Final answer:
The point-slope form equations for the given slopes and points are presented, demonstrating the application of the slope and a specific point on the line. For the vertical line case, the reason behind the impossibility of representing it in the traditional point-slope form, due to an undefined slope, is explained.
Step-by-step explanation:
1.) The point-slope form of the equation of the line with a slope of -2 and an x-intercept of -1 can be written as y - 0 = -2(x - (-1)) or y = -2(x + 1). Since the line intercepts the x-axis at (-1,0), we can use this point and the slope to write the equation.

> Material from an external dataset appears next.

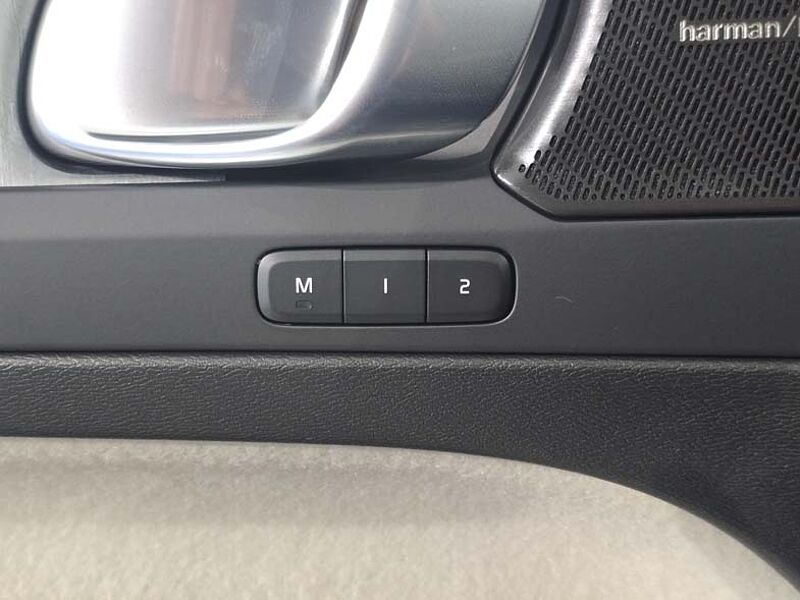 Volvo  Ultra, B4 AWD 마일드 하이브리드, 가솔린, 브라이트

2.) For a line passing through (1, 3) with a slope of 2, the point-slope form is given by y - 3 = 2(x - 1).
3.) For a line passing through (-1, 5) with a slope of -1, we use the same format to write the equation as y - 5 = -1(x - (-1)) or y - 5 = -1(x + 1).
4.) A horizontal line passing through (2, 1) has a slope of 0, thus the point-slope form is simply y = 1, since the y-value remains constant.
5.) It is not possible to write the equation of a line passing through (-6, 6) and (-6, 2) in the traditional point-slope form because this line is vertical and the slope is undefined. The x-value remains constant at -6, indicating that there is no run, only a rise or fall, which is why the slope calculation (rise/run) would result in division by zero.